The SpaceX Hyperloop test track — or Hypertube[4] — was designed in 2015 and was constructed in 2016, reaching its full length of one mile by October 2016.[28] The test track itself is also a prototype, where SpaceX anticipates learning from the design, build process and evaluates how to apply automated construction techniques to future Hyperloop tracks.[8]

 
Cross section of the Hypertube test track under construction for the Hyperloop pod competition in August 2016.

The design of the pod test track varies significantly from the Hyperloop tube design shown in the initial alpha-level Hyperloop design concept document released in 2013.[11] The Hypertube test track is designed to enable competitors who implement a wide array of designs and build pods that will test a variety of subsystem technologies that are important to new vehicle transport systems. This will include Hyperloop-specific pods—with air-bearing suspension and low-pressure compressor designs—as well as wheeled vehicle and magnetic levitation rail designs that will support a wide array of vehicle technologies to be tested. Some pods are expected to test only particular subsystems rather than a full Hyperloop-capable pod vehicle design; as well, many pods will have no on-pod compressor to prevent the high-speed choked-flow problem, very unlike the Hyperloop alpha design.[4]

Multiple systems will be allowed for propulsion and for levitation/suspension of various team pods.

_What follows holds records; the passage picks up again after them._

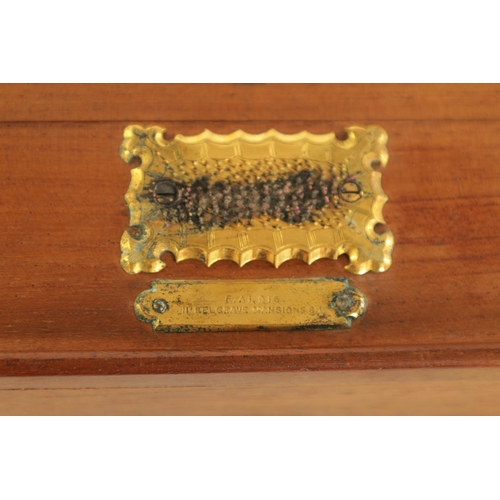 525 - A 19TH CENTURY OAK HABERDASHERY BOX retailed by F. ALDIS 11 BELGRAVE MANSIONS numbered Rd. 52066/889... 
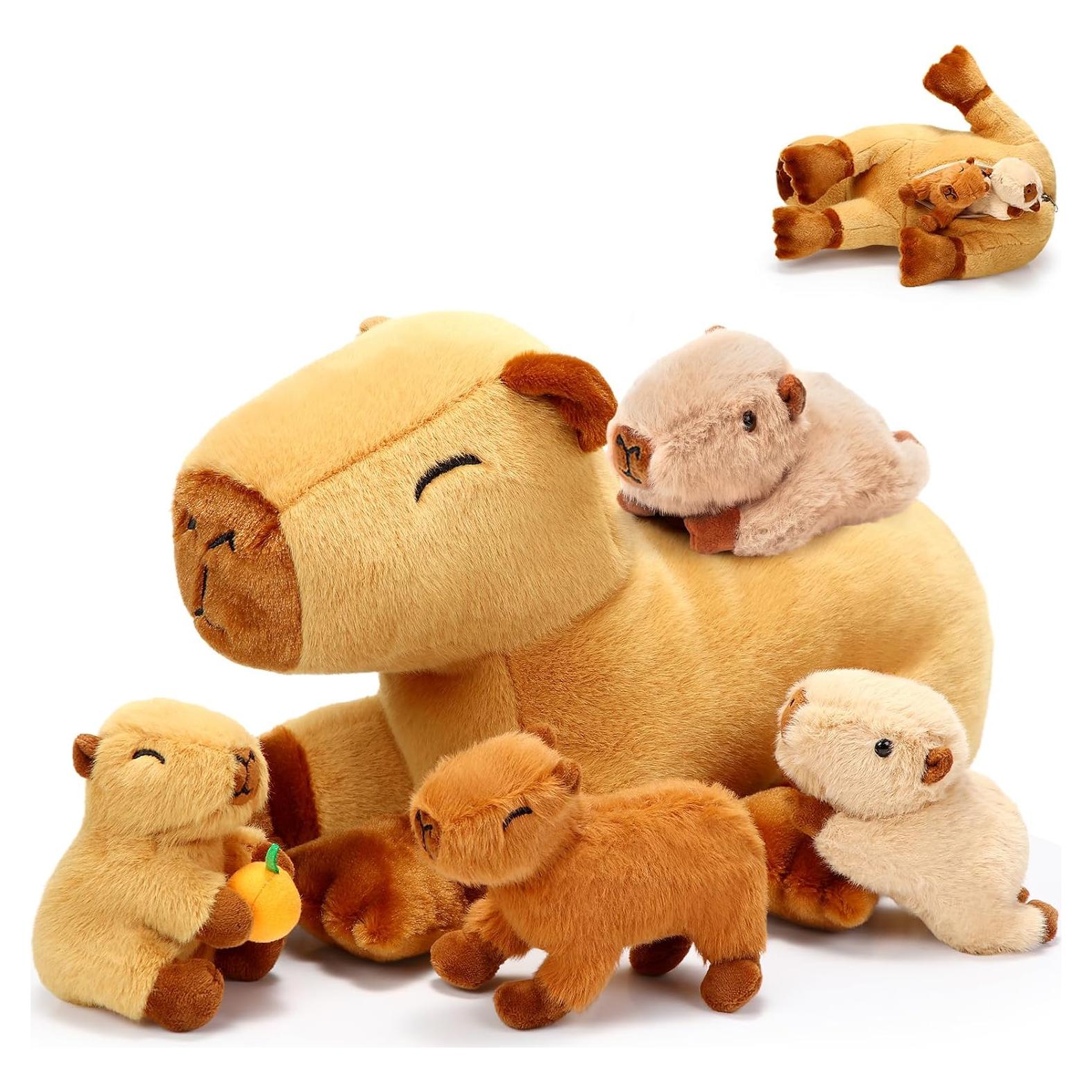 Set de 5 Peluches Capibara PullCrease 40 cm Mamá y 4 Bebés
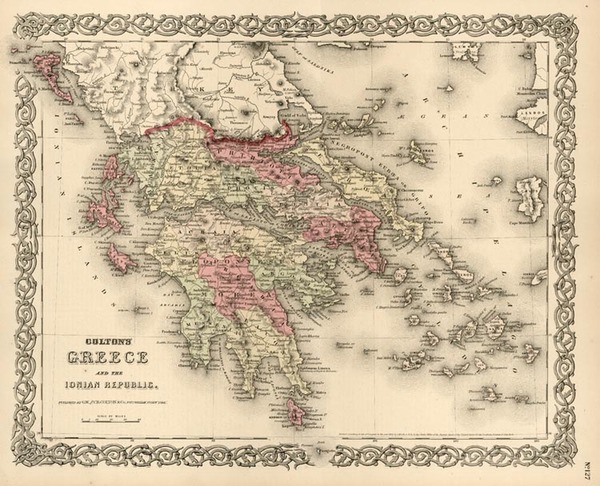 44-Europe, Balearic Islands and Greece Map By G.W.  & C.B. Colton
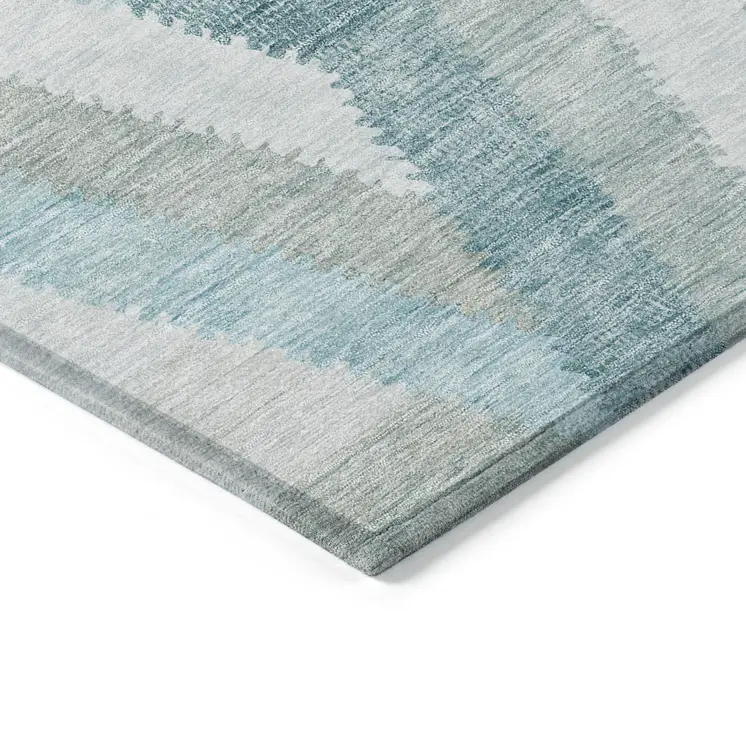 9' X 12' Teal Blue Geometric Washable Indoor Outdoor Area Rug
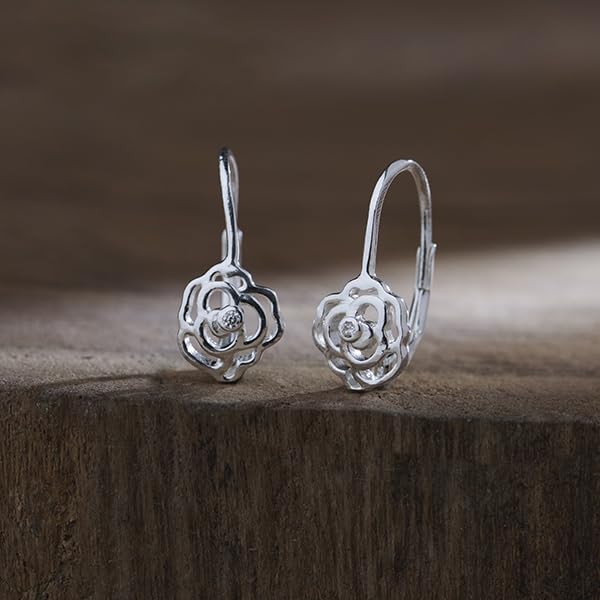 Image of TRUESILVER ACPL 925 Sterling Silver BIS Hallmarked Designer Drop & Dangle Leverback Earrings for Women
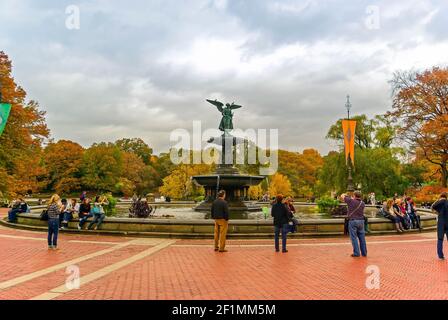 Bethesda Fountain in Autumn at Central Park in Manhattan, New York, USA Stock Photo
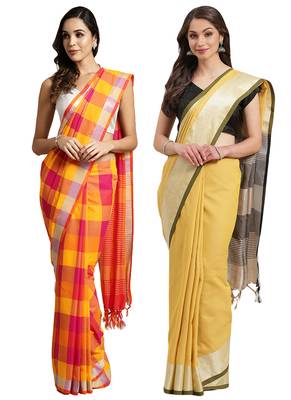 Multicolor woven blended cotton saree with blouse 1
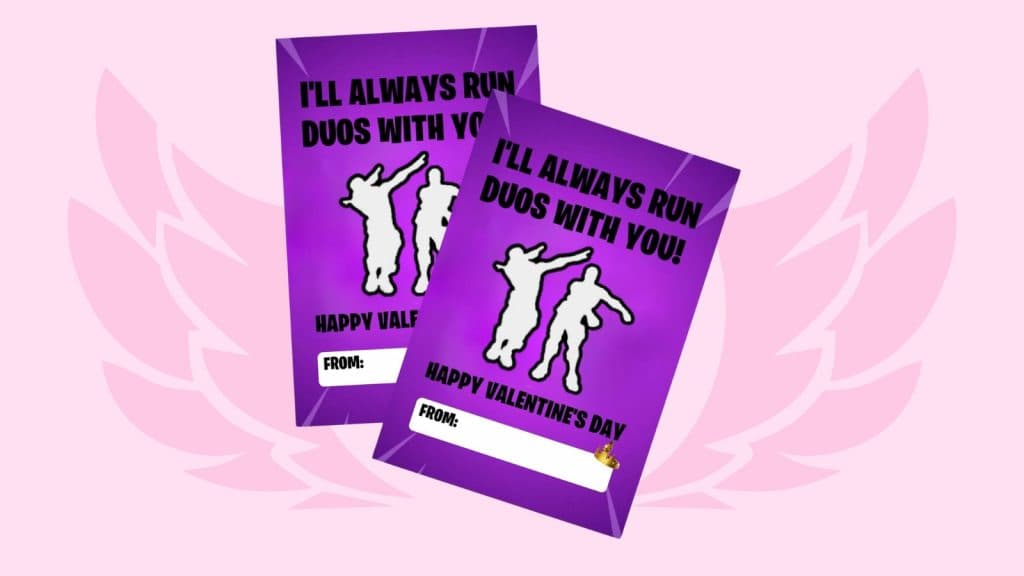 Fortnite Duos Valentines card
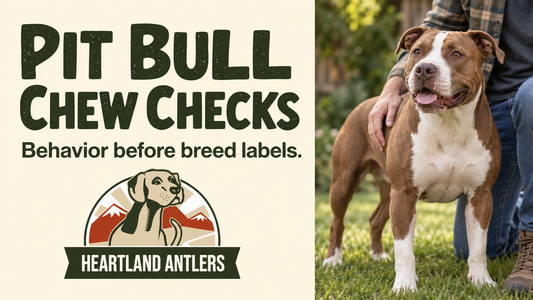 Calm adult Pit Bull beside behavior-based chew assessment guidance.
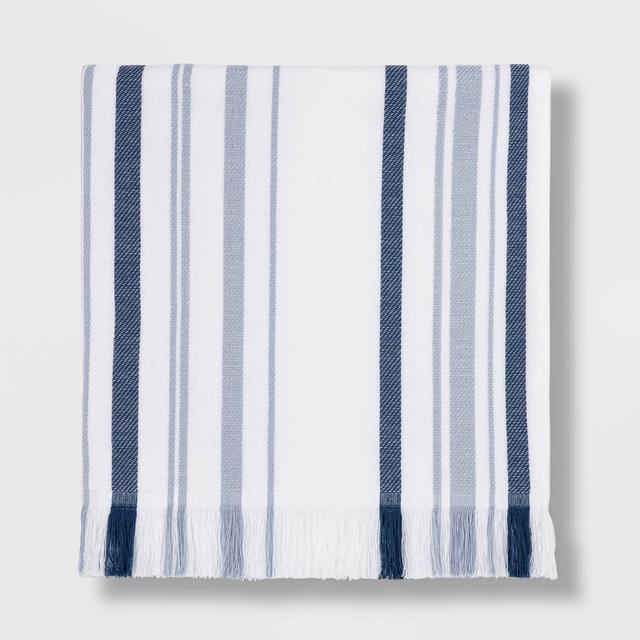 Crew Striped Flat Woven Bath Towel Blue - Threshold™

Three explicit suspension types are called out: wheels, air bearings, and magnetic levitation. Pod propulsion may be On-pod—as envisioned in the alpha Hyperloop design—or for the Hypertube test track, may use a SpaceX-provided Pusher to accelerate pods up to speed in the first 15 percent of track length, or even be unique (team-specific) Off-pod propulsion systems that would need to be integrated into the Hypertube for that Pod's specific test run.[4]

SpecificationsEdit

The test track specifications as of January 2016 include:[4]

  • Outer diameter: 1.83 meters (72.0 in)[4] (vs. approximately 2.3–3.4 m (90–132 in) for the tube in the initial alpha Hyperloop design document)[11]
  • Inner diameter: 1.79 meters (70.6 in)
  • Wall thickness: 18 millimeters (0.70 in)[4] (vs. 20–25 mm (0.80–1.0 in) for the tube in the initial alpha Hyperloop design)[11]
  • Length: 1.6 kilometers (1 mi) (approximate)
  • Materials
  • Subtrack thickness: 25 millimeters (1.0 in) for first and last 61 meters (200 ft); 13 millimeters (0.5 in) for remainder of tube
  • Internal pressure: 0.14–100 kilopascals (0.02–14.7 psi) (competitors may select tube operating pressure "in order to support various types of propulsion systems, compressors (if applicable), and outer mold lines"
  • Pumpdown time is expected to be as long as 30 minutes to reach the minimum pressure rating.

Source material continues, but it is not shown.